Directions for this task
From the line containing "开云kaiyun官方网站银行" through the last line of the entries, output the text exactly. Pictures stay out.

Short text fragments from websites
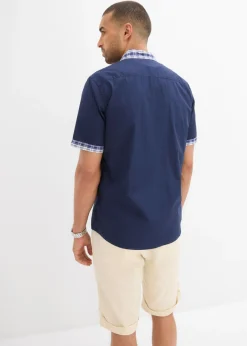 Camisa de manga corta de algodón puro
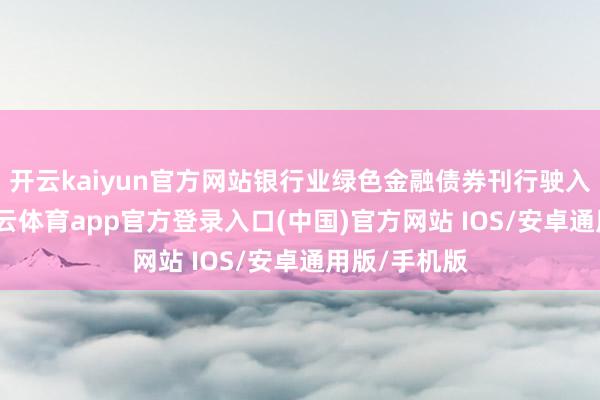 开云kaiyun官方网站银行业绿色金融债券刊行驶入快车谈-kai云体育app官方登录入口(中国)官方网站 IOS/安卓通用版/手机版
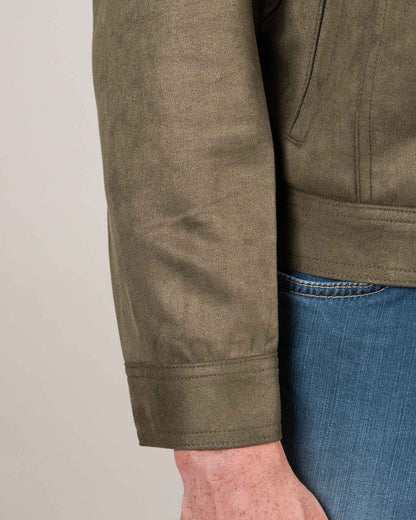khakis brand micro suede trucker jacket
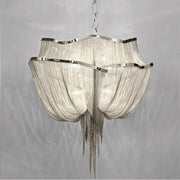 Alisa Luxury Double-Layer Aluminum Chain Tassel Chandelier - jchandelier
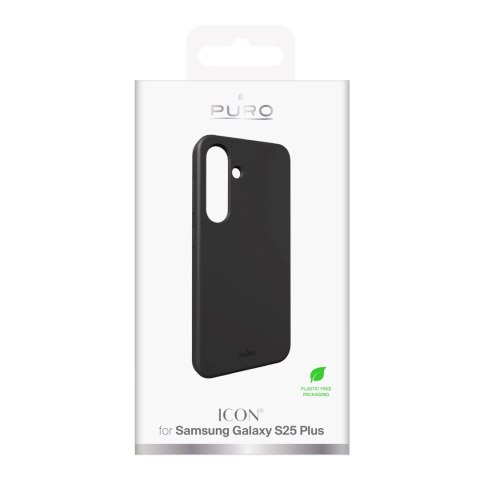 Etui silikonowe Puro Icon do Samsung Galaxy S25+ - czarne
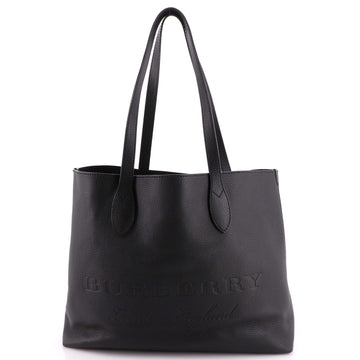 Burberry Remington Tote Embossed Leather Large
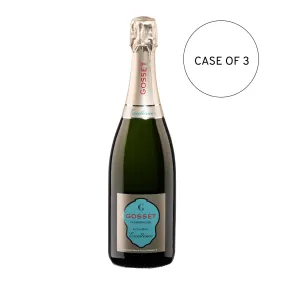 Gosset Brut Excellence NV - (Case of 3 x 750ml)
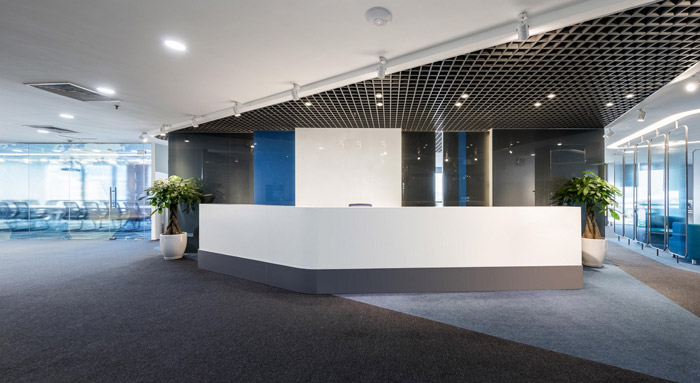 鄭州辦公室前臺(tái)裝修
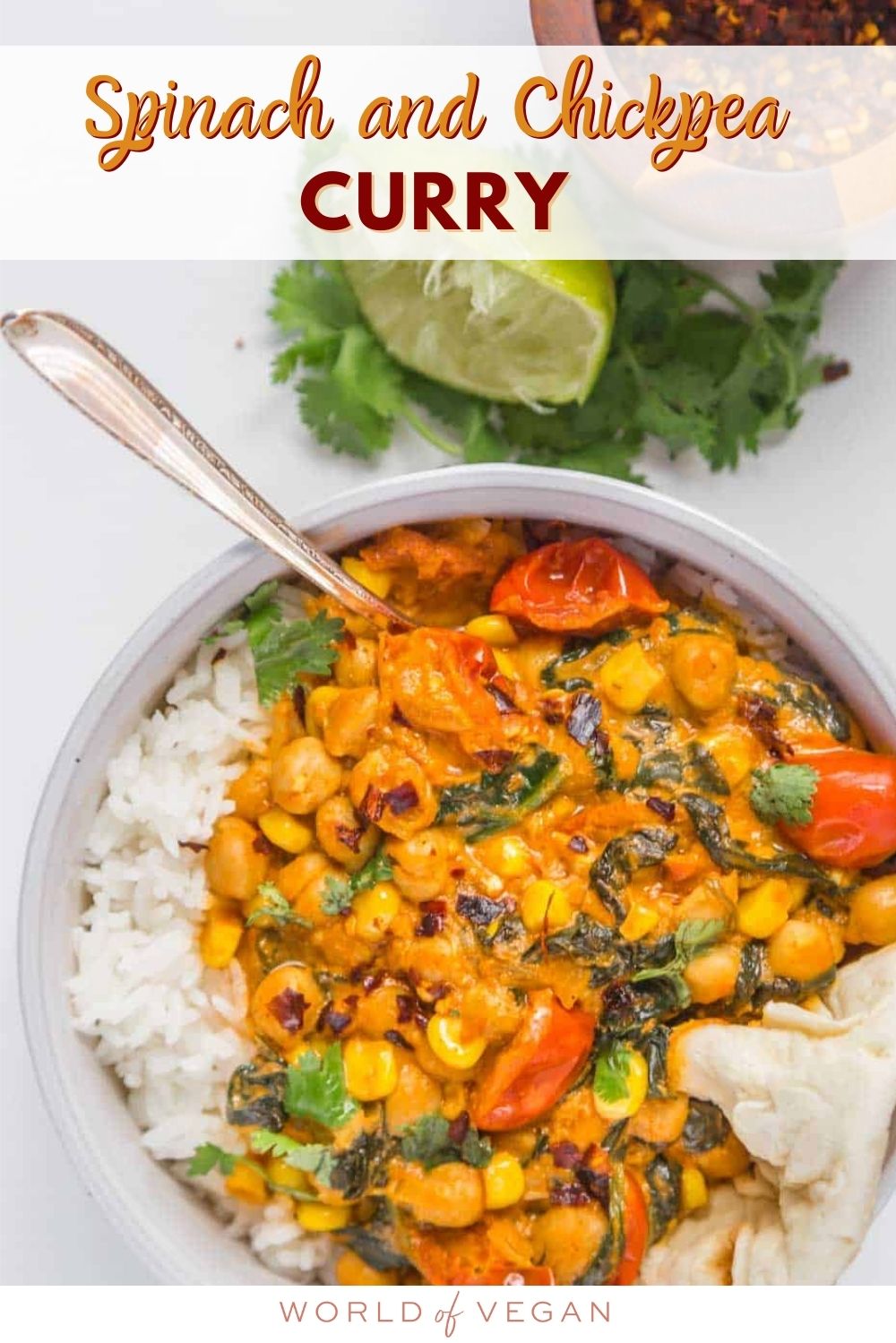 Easy Curry with Chickpeas and Spinach | World of Vegan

Answer below
 开云kaiyun官方网站银行业绿色金融债券刊行驶入快车谈-kai云体育app官方登录入口(中国)官方网站 IOS/安卓通用版/手机版
khakis brand micro suede trucker jacket
 Alisa Luxury Double-Layer Aluminum Chain Tassel Chandelier - jchandelier
 Etui silikonowe Puro Icon do Samsung Galaxy S25+ - czarne
 Burberry Remington Tote Embossed Leather Large
 Gosset Brut Excellence NV - (Case of 3 x 750ml)
 鄭州辦公室前臺(tái)裝修
 Easy Curry with Chickpeas and Spinach | World of Vegan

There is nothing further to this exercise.